▶ **Work to be completed**: Copy out the entries below exactly as they stand, but only from the line containing "Meet your Posher, Yessica" through the line containing "En Laprida un".

Segment Open

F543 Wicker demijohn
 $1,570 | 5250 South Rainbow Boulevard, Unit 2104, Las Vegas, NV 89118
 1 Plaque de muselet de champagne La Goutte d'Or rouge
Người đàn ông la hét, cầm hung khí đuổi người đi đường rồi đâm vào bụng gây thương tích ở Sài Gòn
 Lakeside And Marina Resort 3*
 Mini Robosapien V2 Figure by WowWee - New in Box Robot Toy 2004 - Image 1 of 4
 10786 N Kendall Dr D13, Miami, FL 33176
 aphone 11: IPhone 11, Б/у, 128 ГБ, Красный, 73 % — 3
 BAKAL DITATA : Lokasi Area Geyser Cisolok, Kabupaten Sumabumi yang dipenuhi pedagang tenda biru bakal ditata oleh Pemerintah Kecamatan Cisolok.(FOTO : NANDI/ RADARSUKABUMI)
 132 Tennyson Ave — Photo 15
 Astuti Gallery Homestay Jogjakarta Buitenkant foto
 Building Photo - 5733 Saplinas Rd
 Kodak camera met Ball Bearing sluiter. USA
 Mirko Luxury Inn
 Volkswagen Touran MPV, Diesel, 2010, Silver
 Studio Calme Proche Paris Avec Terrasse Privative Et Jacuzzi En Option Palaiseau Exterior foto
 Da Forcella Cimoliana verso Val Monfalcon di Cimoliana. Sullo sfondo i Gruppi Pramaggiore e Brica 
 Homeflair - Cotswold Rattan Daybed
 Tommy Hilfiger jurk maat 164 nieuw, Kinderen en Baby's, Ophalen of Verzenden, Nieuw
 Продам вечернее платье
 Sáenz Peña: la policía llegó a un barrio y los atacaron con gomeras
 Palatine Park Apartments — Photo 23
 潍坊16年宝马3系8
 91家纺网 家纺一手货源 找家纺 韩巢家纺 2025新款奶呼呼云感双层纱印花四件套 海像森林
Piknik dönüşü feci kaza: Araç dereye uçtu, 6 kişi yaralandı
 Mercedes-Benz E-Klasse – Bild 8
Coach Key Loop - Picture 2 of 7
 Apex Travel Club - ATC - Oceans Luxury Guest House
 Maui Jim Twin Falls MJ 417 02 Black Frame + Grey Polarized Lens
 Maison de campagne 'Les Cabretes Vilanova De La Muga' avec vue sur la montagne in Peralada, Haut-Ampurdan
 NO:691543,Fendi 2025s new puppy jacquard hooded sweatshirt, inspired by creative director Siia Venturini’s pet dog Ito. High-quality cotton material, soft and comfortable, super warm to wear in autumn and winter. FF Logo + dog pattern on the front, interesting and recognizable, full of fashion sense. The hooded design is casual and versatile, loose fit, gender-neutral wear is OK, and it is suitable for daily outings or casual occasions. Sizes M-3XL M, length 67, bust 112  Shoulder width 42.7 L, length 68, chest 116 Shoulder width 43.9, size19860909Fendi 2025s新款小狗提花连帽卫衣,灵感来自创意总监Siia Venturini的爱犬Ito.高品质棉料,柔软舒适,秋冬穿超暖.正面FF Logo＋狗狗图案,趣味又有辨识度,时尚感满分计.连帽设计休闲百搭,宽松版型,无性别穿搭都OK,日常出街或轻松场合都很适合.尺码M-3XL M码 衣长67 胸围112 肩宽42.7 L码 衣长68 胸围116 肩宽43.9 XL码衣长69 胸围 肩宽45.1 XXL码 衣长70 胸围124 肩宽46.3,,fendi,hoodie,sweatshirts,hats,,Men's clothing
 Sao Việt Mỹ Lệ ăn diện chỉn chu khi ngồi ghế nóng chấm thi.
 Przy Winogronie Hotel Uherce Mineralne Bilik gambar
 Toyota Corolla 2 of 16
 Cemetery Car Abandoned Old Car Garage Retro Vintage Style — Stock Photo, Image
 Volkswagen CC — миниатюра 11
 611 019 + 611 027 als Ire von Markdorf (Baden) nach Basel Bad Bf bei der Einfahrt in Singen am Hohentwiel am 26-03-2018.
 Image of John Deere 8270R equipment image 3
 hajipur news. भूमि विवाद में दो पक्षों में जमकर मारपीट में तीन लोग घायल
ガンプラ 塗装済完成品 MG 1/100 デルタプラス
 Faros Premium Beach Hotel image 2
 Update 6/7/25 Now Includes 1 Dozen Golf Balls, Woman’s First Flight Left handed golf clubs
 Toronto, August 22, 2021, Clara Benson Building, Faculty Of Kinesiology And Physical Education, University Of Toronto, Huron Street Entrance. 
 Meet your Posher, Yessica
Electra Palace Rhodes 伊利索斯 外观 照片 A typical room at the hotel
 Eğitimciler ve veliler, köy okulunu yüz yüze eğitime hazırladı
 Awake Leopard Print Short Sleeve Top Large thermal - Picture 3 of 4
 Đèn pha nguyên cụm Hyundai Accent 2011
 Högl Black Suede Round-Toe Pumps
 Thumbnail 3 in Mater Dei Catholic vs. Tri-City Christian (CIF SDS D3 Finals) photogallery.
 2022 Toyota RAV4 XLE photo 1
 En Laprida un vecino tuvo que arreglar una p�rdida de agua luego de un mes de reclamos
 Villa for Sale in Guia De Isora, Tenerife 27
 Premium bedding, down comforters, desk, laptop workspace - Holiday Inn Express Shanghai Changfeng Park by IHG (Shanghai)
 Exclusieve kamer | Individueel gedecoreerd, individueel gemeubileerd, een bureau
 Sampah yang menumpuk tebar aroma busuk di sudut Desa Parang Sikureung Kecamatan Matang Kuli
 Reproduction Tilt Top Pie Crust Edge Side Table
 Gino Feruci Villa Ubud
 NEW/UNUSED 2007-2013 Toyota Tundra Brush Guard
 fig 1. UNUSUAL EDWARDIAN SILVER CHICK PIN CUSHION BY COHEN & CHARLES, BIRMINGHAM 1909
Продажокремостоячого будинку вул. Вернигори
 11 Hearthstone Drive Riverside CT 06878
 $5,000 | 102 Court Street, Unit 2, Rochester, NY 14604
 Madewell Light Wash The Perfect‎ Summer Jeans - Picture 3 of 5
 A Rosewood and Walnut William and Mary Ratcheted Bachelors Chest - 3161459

Segment Closed

▶ **Solution**:
 Meet your Posher, Yessica
Electra Palace Rhodes 伊利索斯 外观 照片 A typical room at the hotel
 Eğitimciler ve veliler, köy okulunu yüz yüze eğitime hazırladı
 Awake Leopard Print Short Sleeve Top Large thermal - Picture 3 of 4
 Đèn pha nguyên cụm Hyundai Accent 2011
 Högl Black Suede Round-Toe Pumps
 Thumbnail 3 in Mater Dei Catholic vs. Tri-City Christian (CIF SDS D3 Finals) photogallery.
 2022 Toyota RAV4 XLE photo 1
 En Laprida un vecino tuvo que arreglar una p�rdida de agua luego de un mes de reclamos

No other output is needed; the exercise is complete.